The schools, which publicly traded K12 Inc. won a contract with the school district to operate, was scheduled to start Friday, the district's first day of school.
But state officials, still grappling with low first-year student performance at K12 Inc.'s controversial Tennessee Virtual School operation in Union County, late last month refused to approve the latest venture.
In a July 30 letter to Campbell County school officials, state Education Commissioner Kevin Huffman's office said the district failed to provide key details officials need to assess its application for K12 Inc. to run the proposed schools and receive taxpayer funding.
Instead, according to a copy of the application, school officials just checked off various boxes on a standard state form and attached a copy of what the state characterizes as a K12 Inc. company "brochure."
Unaddressed were issues like how the district would monitor student attendance, enforce compulsory attendance laws, provide details on how many teachers there would be, state the length of the school day and a dozen other details.
That's not good enough, wrote Deputy Education Commissioner Kathleen Airhart in a letter to Campbell County schools. The questions need to be answered, she said.
"We remain concerned about your ability to successfully open and operate this school for the 2013-2014 school year," Airport said in her letter. "Please note that until you have received approval, the proposed school is not eligible to receive public funds for enrolled students."
School Director Donnie Poston this week did not respond to repeated Times Free Press requests for an interview about the K12 Inc. contract, the state's refusal to approve the operation and how or if officials plan to proceed.
Steve Hill, a consultant who has been working with Campbell County Mayor William Baird on getting K12 Inc. into the county, voiced frustration with delays.
"We had sent them [state] the information they'd requested. Then they came back with requests for additional information -- which we sent that to them and then they came back with additional information. We're attempting to send that," Hill said.
"It's beginning to look a little from a lay person from the outside looking in that some of the questions are almost getting to be ridiculous," he added.

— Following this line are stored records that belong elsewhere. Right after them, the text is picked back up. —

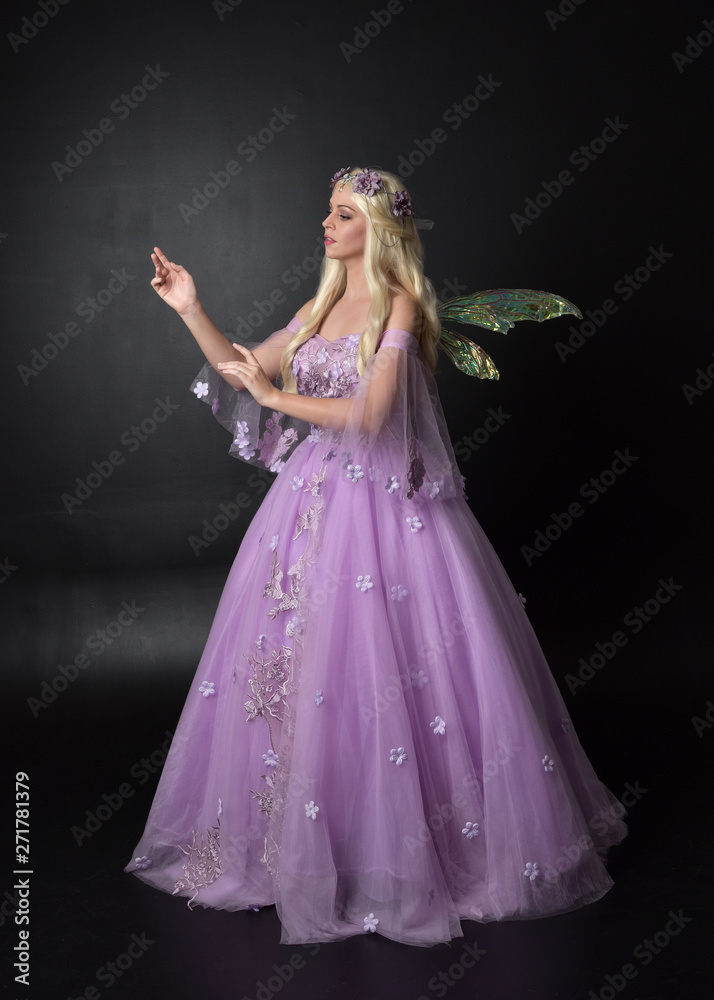 full length portrait of a blonde girl wearing a fantasy fairy inspired  costume, long purple ball gown with fairy wings, standing pose on a dark  studio background. Stock-foto | Adobe Stock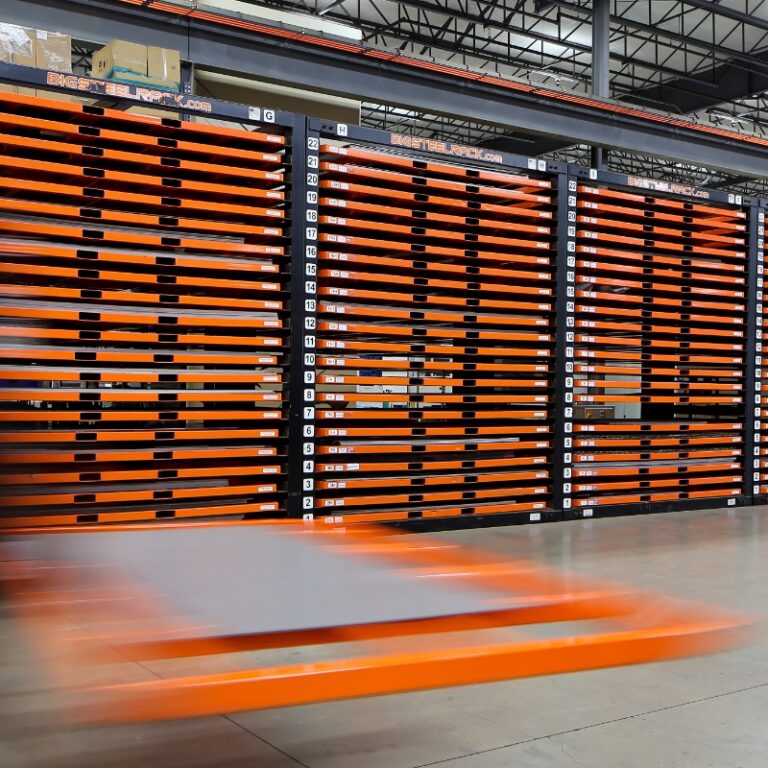 forklift moving sheet metal through warehouse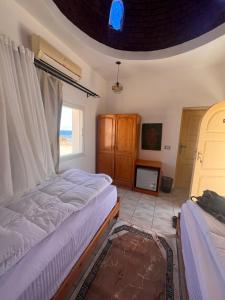 Letto o letti in una camera di Dahab Lodge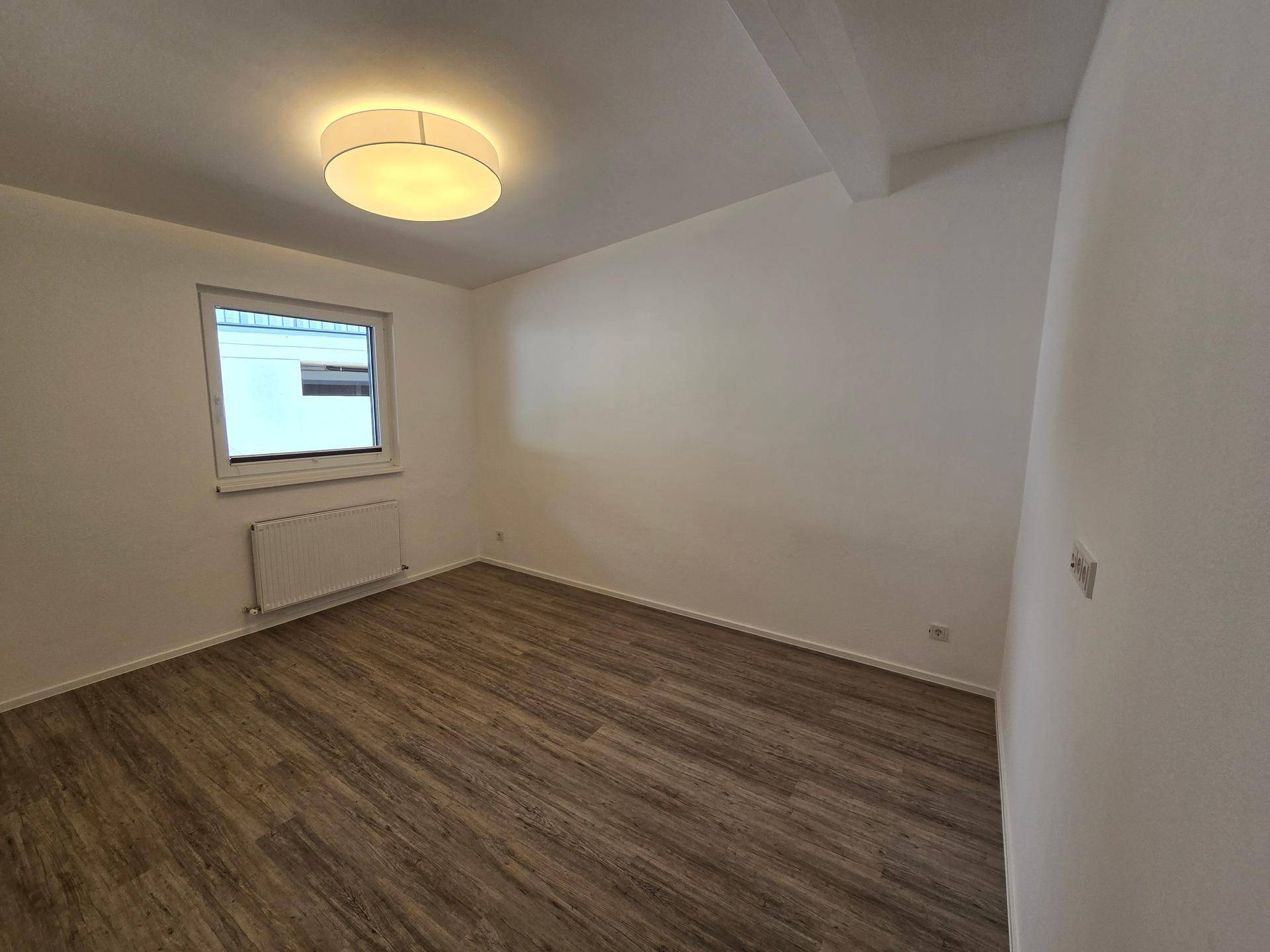 Ruhiges Schlafzimmer mit Laminatboden und einem Fenster, bietet vielseitige Nutzungsmöglichkeiten.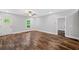 Bright living room featuring wood-look floors, and a white-framed window offering natural light at 210 Joe Green Ln, Canton, GA 30114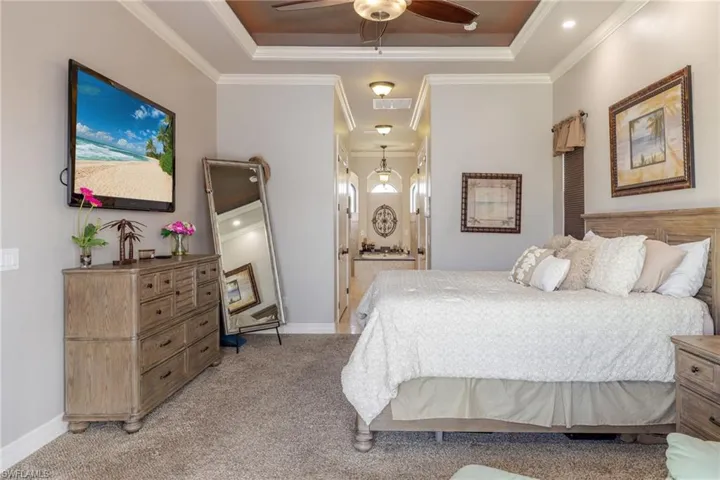 Bedroom featuring connected bathroom, light colored carpet, a raised ceiling, a ceiling fan, and ornamental molding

In an email earlier this week, K12 Inc. spokesman Jeff Kwitowski said, "There is not yet a completed services agreement with the county. We are still in contract discussions."
Kwitowski said the school board awarded a request-for-proposal bid to K12 Inc. in June and "voted to enter into discussions on a services agreement" as the system's vendor.
The schools would open next year, Kwitowski said. But the school district had been promoting on its website that the grades K-8 Tennessee Cyber Academy and the Tennessee Cyber Academy High School would open in August.
"This exciting online option is free to Tennessee public school students. Enroll now to secure one of the limited seats available," it urged.
But the district's website also advised parents to enroll their children in their appropriate local school pending state approval.
K12 Inc. has defended first-year students' results at the grade K-8 Tennessee Virtual Academy in Union County, saying many enrolled from across the state after the school year began. Officials also contend a high percentage of enrolled students had deficient records. K12 Inc. says its innovative computer approach leads to good results.
Meanwhile, a Campbell County school official said "several hundred" students had sought to apply to the two new schools.
Hill, a public relations executive who helped Baird with a strategic plan to boost economic development in the rural, low-income county, said the proposal grew out of the mayor's effort to implement an after-school program for failing students as well as another program to help dropouts.
But Hill, who since has retired, noted he is volunteering his help. He said Baird and he approached K12 Inc. officials, who offered to help with the program.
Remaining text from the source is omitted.